Dans la désolation et l’amertume, les proches de Faniola Joseph, 37 ans, et de Herby Dufresne, 30 ans, ont rendu hommage à la mémoire des disparus de ce drame qui a coûté la vie à trois migrants haïtiens.
Selon les premiers éléments recueillis, les victimes se rendaient dans l’Indiana après avoir effectué des achats à Miami pour leur entreprise familiale. Le drame se serait produit lorsqu’un conducteur de poids lourd a effectué une manœuvre illégale — un demi-tour (U-turn) interdit — sur la Florida’s Turnpike.

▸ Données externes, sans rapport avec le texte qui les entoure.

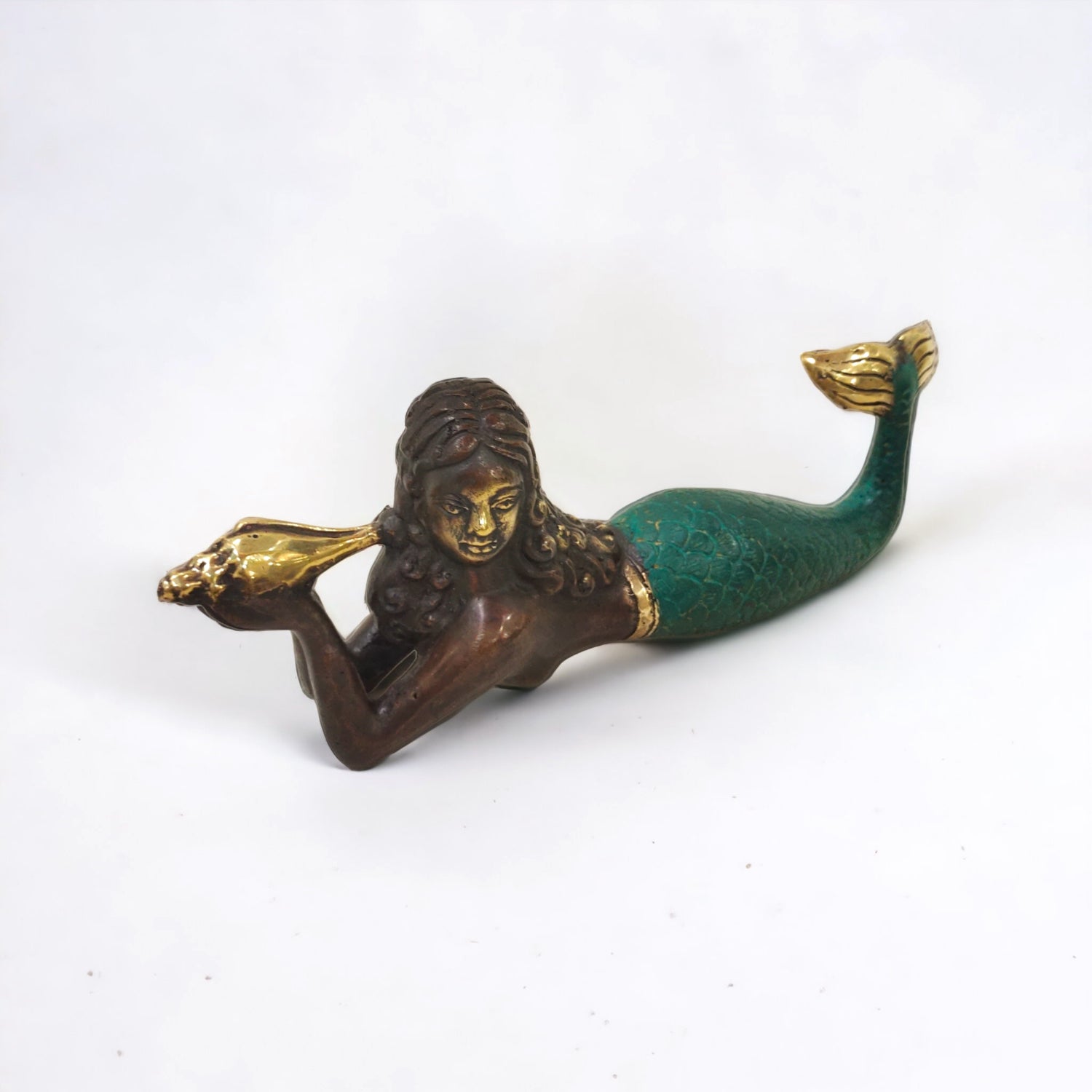 Large Green Brass Mermaid Laying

Au centre de l’église, deux cercueils reposaient pour la cérémonie : ceux de Herby Dufresne et de Faniola Joseph. La famille de Herby a pu lui dire adieu une dernière fois. En revanche, le cercueil de Faniola est resté fermé : « le cadavre est méconnaissable », a lâché un membre de la famille.
Les funérailles de la troisième victime, Rodrigue Dor, ont eu lieu le 20 septembre à la Haitian Evangelical Baptist Church.
Parents, proches et amis ont rappelé les ambitions des disparus et le vide que laisse leur départ dans leurs familles respectives. Tous réclament justice et réparation.
Installés depuis trois ans dans l’Indiana, Herby, Faniola et Rodrigue bénéficiaient du TPS (Temporary Protected Status) et avaient introduit une demande d’asile politique toujours en cours.
L’organisation Sikhs for Justice, basée à Washington et engagée dans la défense des droits humains, a contribué financièrement aux funérailles et aux frais d’avocats. Le consulat général d’Haïti à Miami a assuré la coordination des démarches.
Sur le plan politique, le gouverneur de Floride, Ron DeSantis, a publiquement critiqué la Californie pour avoir délivré un permis de conduire commercial au chauffeur impliqué, ravivant le débat sur les responsabilités institutionnelles et la sécurité routière inter-États.
Au-delà de l’émotion, les familles — soutenues par la communauté — appellent à une enquête complète, à la redevabilité des acteurs en cause et à des réparations à la hauteur du préjudice subi. Leur exigence est claire : que le droit reconnaisse la dignité des victimes et que justice soit faite.